Beto O'Rourke makes campaign stops in Lakeville and Minneapolis

A former congressional candidate is trying to bring a grassroots effort to Minnesota.

Beto O’Rourke campaigned for the first time in the state as a presidential candidate, hosting events in Lakeville and Minneapolis Wednesday.

His message was about unity and his ability to bring people together from different backgrounds and parties.

Minnesotans came out to hear him and his plans for the country, giving a warm welcome on a cold, rainy day.

“Grateful to be in the great state of Minnesota,” O’Rourke said.

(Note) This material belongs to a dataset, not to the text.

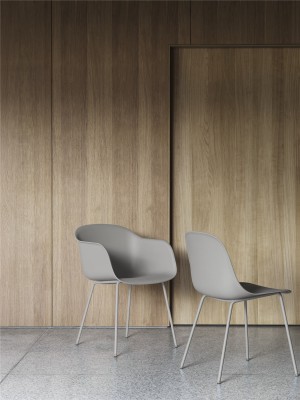 Fiber Side Chair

He spoke in front of a full house at Angry Inch Brewing in Lakeville and it didn’t take long for this presidential candidate to get to some of the key messages of his campaign starting with immigration.

“We don’t need 2,000 miles of wall 30 feet high at a cost of $30 billion.

O’Rourke spoke about healthcare and the failings of the current system.

“We’re meeting people who do not have the ability to get their healthcare they need to be well enough to live in their full potential,” O’Rourke said.

He got passionate talking about gun violence and school shootings, the most recent of which was in Colorado Tuesday, calling for universal background checks as one fix.

“We lose more than 30,000 of our fellow Americans every year in this country to gun violence and no country comes even close to this level of carnage,” he said.

At O’Rourke’s second stop at Thomas Edison High School in Minneapolis, he told a standing room-only crowd that one of his gravest concerns is with the environment.

“We can not meet this by half measures or half steps or only half the country,” he said. “It has to be all of us with all that we got, that we will free ourselves from dependence on fossil fuels.”

One woman FOX 9 spoke with said she’s looking for hope in this next election.

“If we can get on our way and can have someone to bring hope and that’s what I think Beto does,” said Elise Smith-Dewey.

With a long road ahead until 2020, those here tonight are not necessarily ready to support one candidate yet.

O’Rourke spent about an hour at each location and took questions, including some on student debt, working across party lines, campus sexual assaults and concerns about racism in the country.